All of us interested in contemporary culture are, like surfers, trying to catch waves to sit “on top of the world” as The Beach Boys used to sing, hoping that the texts we favour have survival value. Often, when I write about a specific topic I wonder whether my choice is already condemning my work to not even make the tiniest splash. This has always been a major critique of Cultural Studies: that we are not academics but a sort of cultural journalist working on ephemeral texts and producing short-lived analysis of the latest hip text. The joke, of course, is that academic work on any canonical author is beset by the same problem: nobody cites work published before 1990, whether this is on George Eliot or on Tarzan of the Apes (if, that is, anyone published on Burroughs before 1990).
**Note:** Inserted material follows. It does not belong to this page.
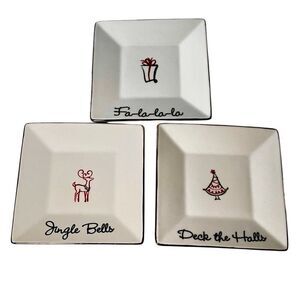 Set of 3 St. Nicholas Square Christmas Cocktail Plates Platinum Trim Tis the Sea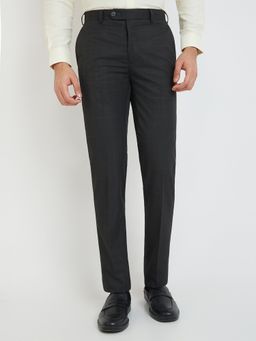 Raymond - Comfortable Fit Checkered Grey Trouser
So, in the end, the difference between high and popular culture within academia is no longer down to the binary trivial/serious, as we used to be told (or believe), but short-lived/long-lived, and at all levels. The trend is actually being reversed, if you know what I mean: living authors and ‘living’ texts are cooler to write about than dead or ‘fossilized’ ones. I very much wanted to write my doctoral dissertation about J.G. Ballard back in the mid-1990s, when he was a hot academic property still to be explored and very much alive. Would I recommended today a student to choose Ballard, who died in 2009, for his/her PhD? You tell me… Likewise, the monographic course on Harry Potter that I taught three years ago made perfect sense in 2013-14 when the original readers were sitting in my classroom. Now it is beginning to sound stale, which is why I’m already planning an elective on Game of Thrones, if Martin ever finishes his saga, A Song of Ice and Fire.
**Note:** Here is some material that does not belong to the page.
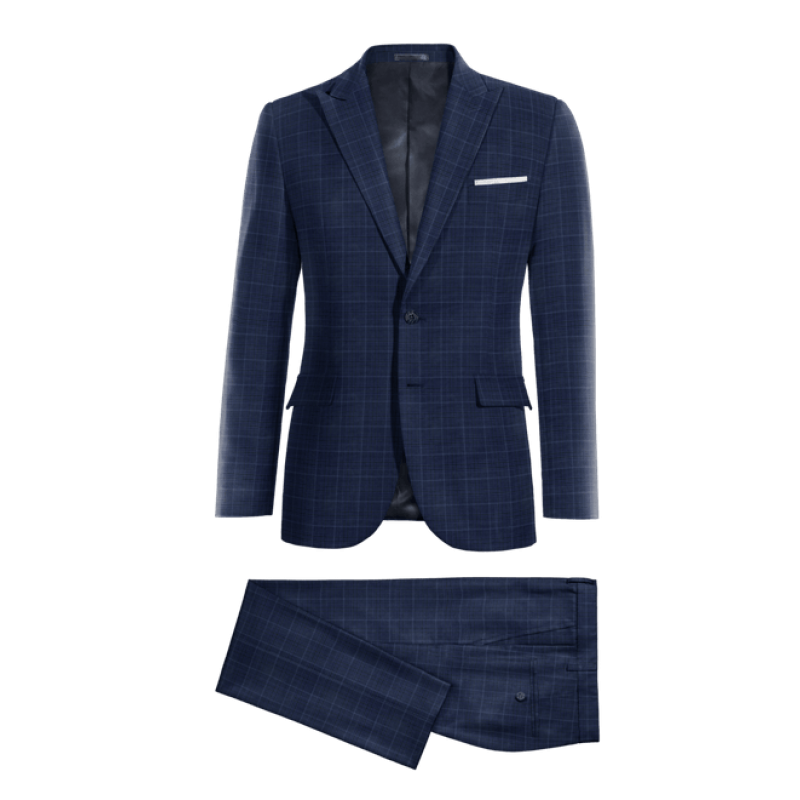 Blue Plaid Wool Blends peak lapel Suit with a pocket square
So, to sum up my argument, the revolution that Cultural Studies started back in 1990 by inviting academics to study living authors and all kinds of texts beyond the strictly artistic, did not take into account ageing. Both the ageing of academics with cultural memories stretching beyond several generations of students, and the ageing of the contemporary texts of any kind, which is much faster than it used to be 100 years ago. This means that all of us working on the contemporary face an impossible situation: we need to keep up with the latest developments in the field that we have chosen to study as the bottom of shared memory drops. Students, besides, have on the whole little interest in texts produced before their year of birth. I can hear the conservative academics who never tried to catch the 1990s ‘new wave’ smugly reply to my post: ‘I told you so, stick to the fossils’. But, then, if Buffy, the Vampire Slayer is now becoming fossilized or already a fossil, just imagine what Walter Scott, who died in 1832, the year The Sylphide was first performed, sounds like.
I’m not watching Game of Thrones because, although interested, I’m not passionate about it. Also, because, after the fiasco of Lost, I’d rather wait for stories to be over before I see or read them. I really would like to teach an elective and I hope that Martin is done soon, but if he finishes, say, in 2025, which might well be, the TV series might be ancient history by then… A strange situation.
As for how contemporary culture can also accommodate La Sylphide, perhaps the best I can do is argue that in this ugly 21st century only classical ballet (and perhaps photography) insists on providing some beauty. Enjoy!!